By 3pm on Tuesday I was ready to see the delayed air display and, of course, witness the star of the show – the first public viewing in UK airspace of Lockheed Martin’s F35 Lightning Joint Strike Fighter with Pratt & Whitney’s F135 engine. As we waited at the appointed hour for the take-off, some of us looked at each other rather blankly as, unlike previous aerobatics, there appeared to be no plane revving up on the runway. “That’s a shame,” we thought. “Perhaps rain is going to stop play again?” Then, coming out of the east, we detected a speck in the far distance. Within a few seconds it had passed us and disappeared into the far west and become another speck. A few moments later the same happened from west to east and we thought, “Not bad, but it was much more fun in the old days when the Harrier Jumpjets were on display.”
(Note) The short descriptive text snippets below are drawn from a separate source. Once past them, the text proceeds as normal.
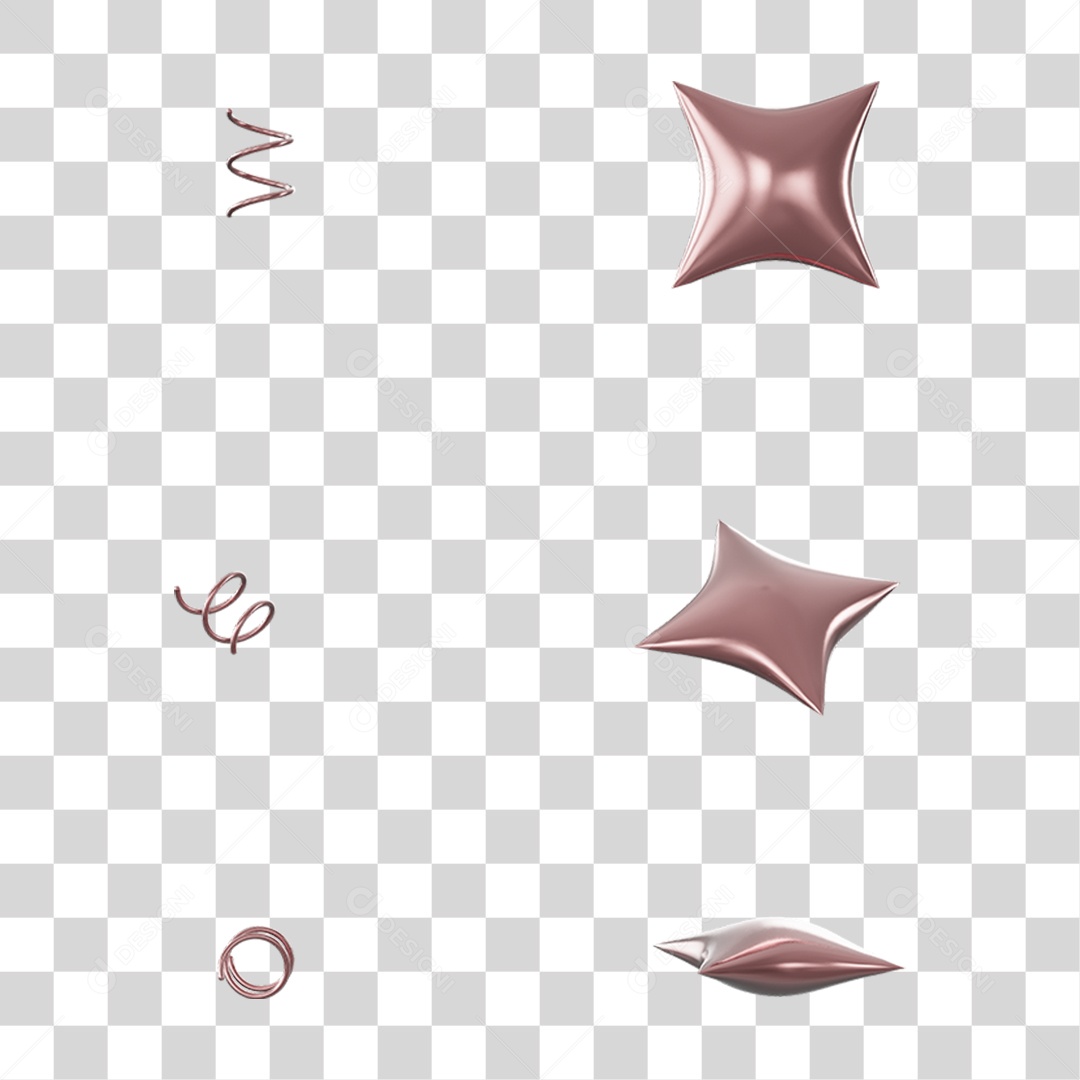 Estrelas Dia dos Namorados PNG Transparente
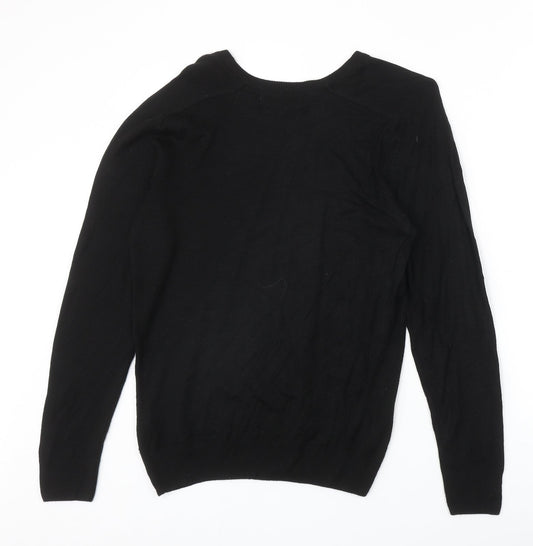 Womens UK Size XS River Island Black Pullover Jumper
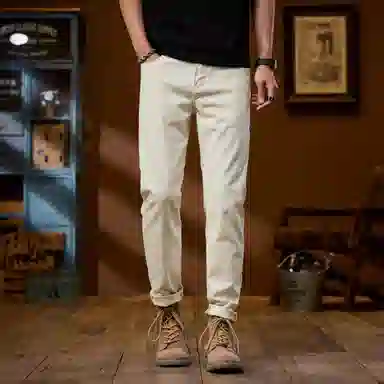 JUCY JUDY Straight Fit Jeans Light Grey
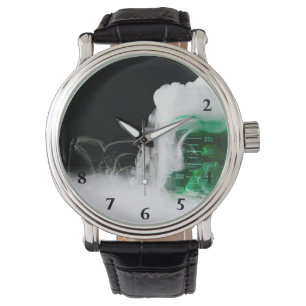 Reloj De Pulsera Beaker de fluido verde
A few moments later, I found myself standing by the runway not more than 50 yards from the now returned F35, using its Rolls Royce-designed lift fan to hover in front of us, rotating with precision and demonstrating the astonishing flexibility of this flying machine.


I turned to my colleague, another metals trader, and agreed that perhaps we would take back that comment about the Harrier.


It is just a shame that all this F35 technology and ingenuity is for defence and war, really…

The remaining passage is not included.